The author and ideas-man behind the Wee Blue Book is sharp as a tack and forensic in a way many journalists are not. He is also o’er quick to personalise arguments, unreconstructed on gender and social issues and revels in causing offence. Quite how such a prickly chap will manage the delicate business of working with like-minded folk is hard to envisage.
But maybe they will be followers, not fellow travellers. Fa kens. A disruptor doesn’t need a full palette of policies – not yet. He just needs to be right about a few things.
And there’s no doubt the current state of worshipful waiting perpetuates the British style of politics we’re all trying to escape – the one singer, one song style of leadership, the top-down “democracy” and the “winner takes all” control of the shared independence project by the single largest party.

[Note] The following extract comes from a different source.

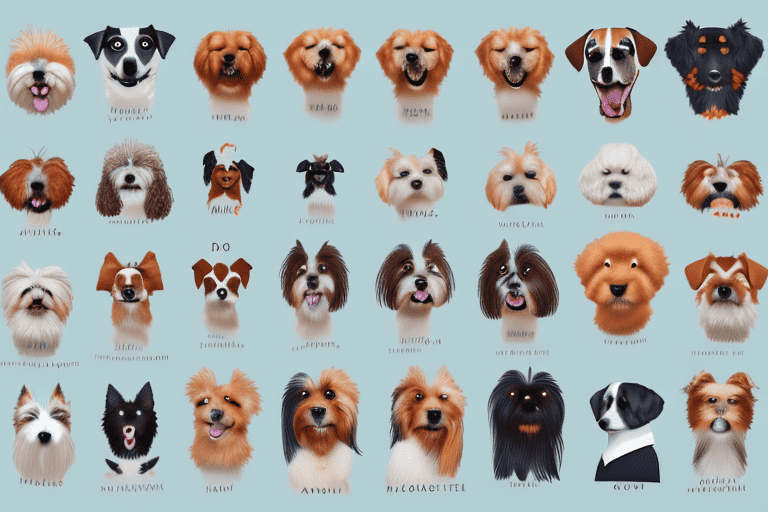 Various popular dog breeds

SO, could the Wings Party work? Being a thorn in the side of the establishment is one thing – becoming an elected member quite another. As Nigel Farage has found, it’s easier to duck, weave and disrupt the Westminster political process if you have no formal role in it. Puppies are not just for Christmas and political parties are not set up for stunts. Of course it’s tempting to play Farage’s dangerous, cynical game, but to date Scots have remained impressively immune from the blandishments of his single-issue populism.
The problem is that mainstream parties have taken that as endorsement.
It isnae.
I imagine folk will tolerate the SNP’s “talk to the hand” style of leadership till the proposed date of indyref2 in late 2020. If it hasn’t happened by the next Holyrood elections in 2021 – unless there’s a genuinely good reason or a jointly agreed strategy across the entire Yes movement – then all bets are off.

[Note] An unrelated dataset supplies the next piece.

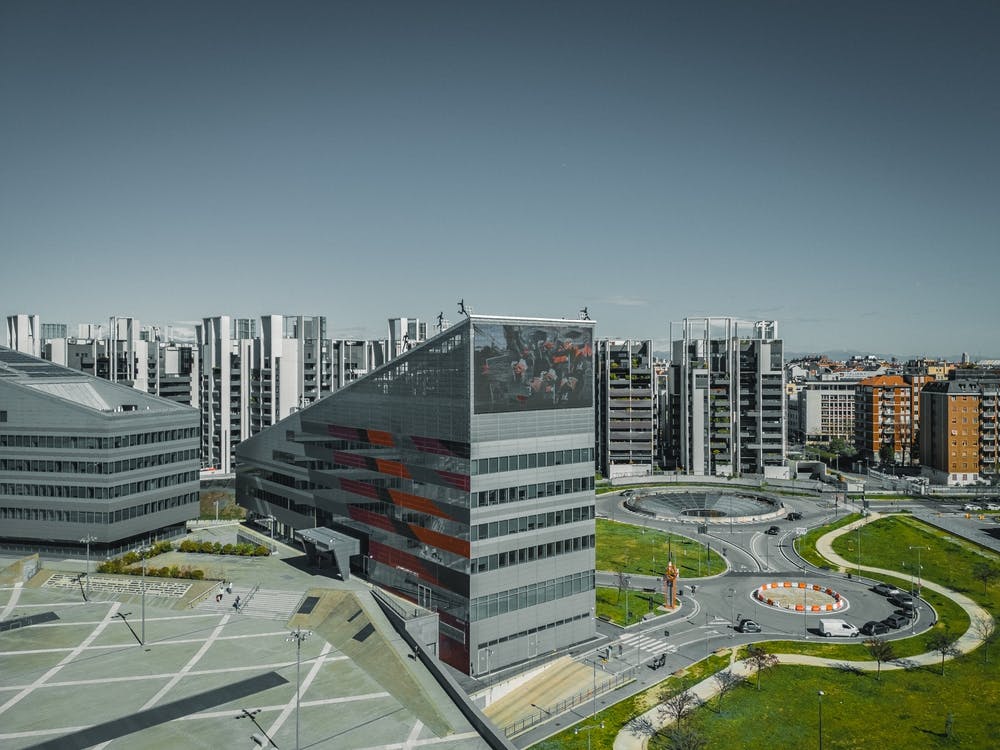 Vue Aérienne Milan, Italie - Casa Milan - Art Mural Paysage Urbain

Of course, many will still vote SNP and retain party membership. But a significant number will start looking elsewhere – for fresh leadership on independence and for new political groupings that replace the defunct Labour Party and offer real challenge to the SNP from an independence-supporting perspective.
So, Stu won’t have the list to himself in 2021 – and there are pretty big political fish to fry first.
But if his bold act of self-promotion has shaken political leaders at Holyrood, that’s no bad thing.